I can’t tell you how delighted I was to read this statement by bell hooks in a recent interview:
“We cannot have a meaningful revolution without humor. Every time we see the left or any group trying to move forward politically in a radical way, when they’re humorless, they fail. Humor is essential to the integrative balance that we need to deal with diversity and difference and the building of community.”
The value of humor is completely overlooked in both revolutionary pedagogy and critical theory – one suspects because revolutionaries and critical theorists don’t like to admit how funny they are. Another reason: and revolutions are often pursued by the kind of people who like to think that if they just explain things hard enough everything will fall in line. But humor is a pure demonstration of the fact that not all things in life are reducible to reason or amenable to politics – and that therefore revolution and theory have their limits.
It is often said that intellectuals are the first to be lined up against the wall and shot when the revolution comes – but this is a bit of self-flattery on the part of intellectuals. In fact they are the second group to be lines up and shot, if they’re acknowledged at all. It is comedians that a tyrannical force does away with first, every time.
This is not to say that humor is always good and activism is always bad – as I’ve noted before, even Nazis could tell jokes – but it does indicate that however unfair and unreasonable humor is, we simply cannot advance any closer to a better world without it.
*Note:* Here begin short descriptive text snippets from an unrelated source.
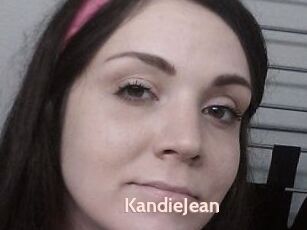 KandieJean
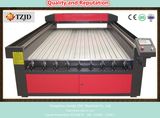 Heavy Duty Granite CO2 Laser Engraving Machine
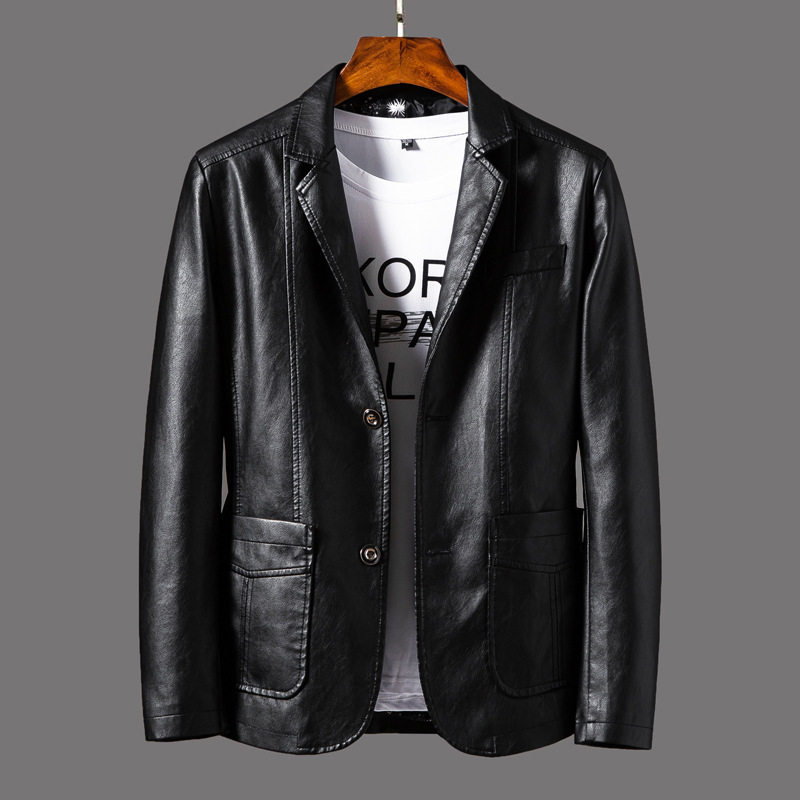menclothes春秋季新款外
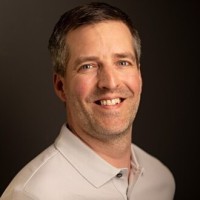 Cypoint Employee Oskar Zetterberg's profile photo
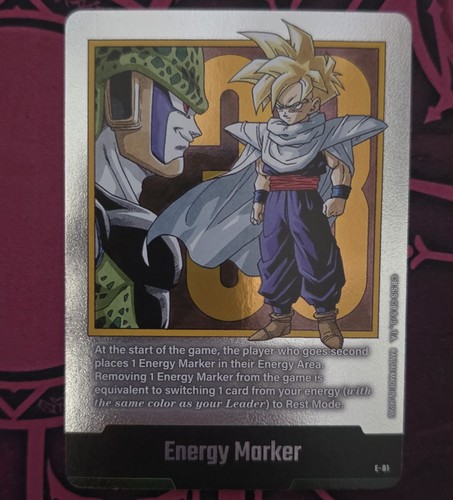 Dragon ball fusion world - dragon,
It is not a sufficient condition for progress, but it is essential.
Hooks, however, goes even further in this interview, noting that humanization and love are in fact the only engines of social progress – nothing else works. In which case it’s not at all coincidental that a time when we are most inclined to get angry and polarized at the thought that people don’t share our views is also a time when we seem to be able to get the least done.
The whole interview is worth a close reading – and clearly I haven’t been reading enough bell hooks closely.